# YOUR GOAL
As the answer, set down the lines below from the one containing "HAOLIRA Mens Leather" through the one containing "Ebenchico 3.9ft Bean", exactly and inclusively, and no others.

*** RECORDS FOR THE TASK Section Begins ***

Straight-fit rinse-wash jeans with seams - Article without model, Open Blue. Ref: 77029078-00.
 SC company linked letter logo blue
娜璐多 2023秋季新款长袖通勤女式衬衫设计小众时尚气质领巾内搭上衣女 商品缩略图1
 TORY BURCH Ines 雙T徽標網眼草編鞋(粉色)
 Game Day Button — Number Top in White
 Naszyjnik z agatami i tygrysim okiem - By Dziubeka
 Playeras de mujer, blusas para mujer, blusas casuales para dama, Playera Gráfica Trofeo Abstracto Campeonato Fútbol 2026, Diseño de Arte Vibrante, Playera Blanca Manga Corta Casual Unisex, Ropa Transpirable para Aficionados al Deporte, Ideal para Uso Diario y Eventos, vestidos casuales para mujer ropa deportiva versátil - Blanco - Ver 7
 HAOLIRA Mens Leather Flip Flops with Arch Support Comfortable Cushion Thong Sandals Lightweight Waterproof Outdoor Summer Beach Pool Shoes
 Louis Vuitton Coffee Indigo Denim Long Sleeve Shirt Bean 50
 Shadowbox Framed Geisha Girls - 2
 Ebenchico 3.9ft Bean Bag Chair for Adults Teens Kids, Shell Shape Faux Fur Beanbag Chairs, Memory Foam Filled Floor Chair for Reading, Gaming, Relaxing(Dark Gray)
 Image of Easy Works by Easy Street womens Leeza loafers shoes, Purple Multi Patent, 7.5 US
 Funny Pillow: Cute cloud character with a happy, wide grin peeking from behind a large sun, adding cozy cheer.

*** RECORDS FOR THE TASK Section Ends ***

# SOLUTION TO THIS PROBLEM
 HAOLIRA Mens Leather Flip Flops with Arch Support Comfortable Cushion Thong Sandals Lightweight Waterproof Outdoor Summer Beach Pool Shoes
 Louis Vuitton Coffee Indigo Denim Long Sleeve Shirt Bean 50
 Shadowbox Framed Geisha Girls - 2
 Ebenchico 3.9ft Bean Bag Chair for Adults Teens Kids, Shell Shape Faux Fur Beanbag Chairs, Memory Foam Filled Floor Chair for Reading, Gaming, Relaxing(Dark Gray)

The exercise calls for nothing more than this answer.